L’Aston Martin Vanquish fa venir voglia di vederla in tutte le sfumature
Chiunque abbia anche solo sfiorato con lo sguardo un’Aston Martin, una Ferrari o una Lamborghini sa che parliamo di auto fuori dal comune. Ma la nuova Vanquish alza ulteriormente l’asticella della personalizzazione estrema. Dai colori della carrozzeria agli interni, dalle finiture alle ruote da 21 pollici, ogni dettaglio può essere modellato sul gusto del cliente — anche quello più eccentrico.
C’è chi ha scelto una Vanquish in tonalità “Caribbean Blue Pearl 2”, con interni in pelle “Q Côte d’Azur Blue” e cerchi “Liquid Silver” a forma di Y. Una combinazione che, al primo raggio di sole, sembra mutare tono come un camaleonte high-tech. Ovviamente, parliamo di un’auto che, con qualche “piccola” aggiunta dal catalogo Q, può far lievitare il prezzo da decine a centinaia di migliaia di euro. Ma si sa, l’esclusività ha sempre il suo prezzo.
Che ne pensate di questo interno?
Entrare in una Vanquish non è solo salire su un’auto, ma vivere un’esperienza sensoriale. L’abitacolo è curato fino all’ultimo dettaglio, con materiali scelti più con l’occhio dell’artigiano che del produttore industriale. Il volante, i sedili, persino le bocchette dell’aria sembrano pensati per chi non accetta compromessi tra comfort e stile.
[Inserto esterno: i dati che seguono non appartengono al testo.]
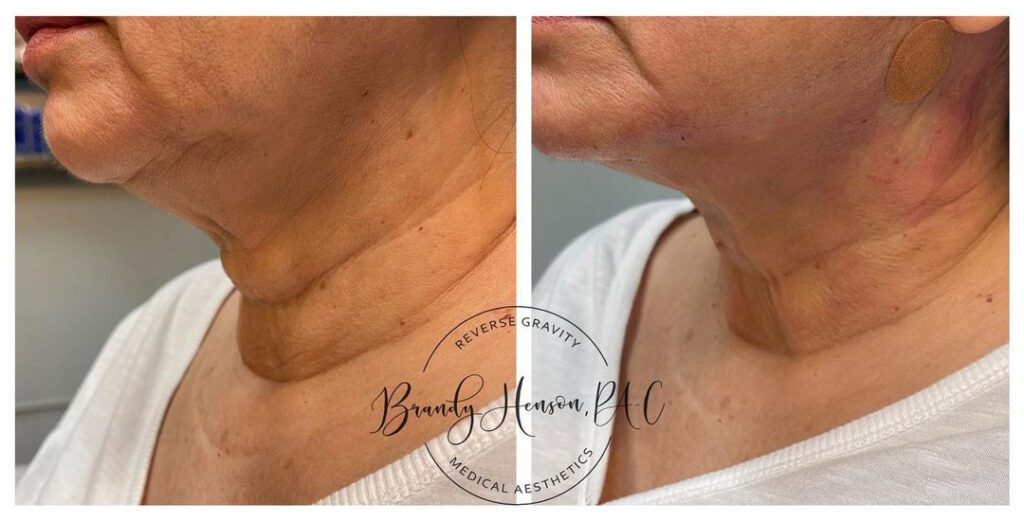 Before and After Neck Lift with PDO Threads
È il genere di auto che ti fa sognare anche solo sfogliando le foto online, figurarsi poi se ci si siede dentro. Anche virtualmente, configurare una Vanquish è come progettare il proprio yacht personale: ci si perde tra combinazioni di colori, texture e dettagli esclusivi.

Il dettaglio tech: un V12 biturbo senza ibrido
Ma la Vanquish non è solo estetica. Sotto il cofano pulsa un V12 biturbo da 5,2 litri, completamente rinnovato rispetto al motore introdotto sulla DB11 nel 2016. E la cosa più interessante? Non c’è nemmeno una traccia di elettrificazione. Nessun ibrido, nessun supporto da 48 volt: solo potenza termica pura, senza filtri.
Gli ingegneri assicurano che ogni componente — dalle testate ai turbocompressori, passando per le parti in movimento — è stato riprogettato da zero. Il risultato è un motore che non solo spinge forte, ma riesce anche a mantenere consumi relativamente contenuti nella guida tranquilla. Un compromesso tra prestazioni e gestione che pochi sanno raggiungere con questa eleganza.
Se amate la guida emozionante, i dettagli su misura e l’idea di possedere qualcosa di davvero unico, la Vanquish potrebbe diventare molto più di un sogno. Potrebbe essere l’auto che non smette mai di stupire — anche solo cambiando colore alla luce del tramonto.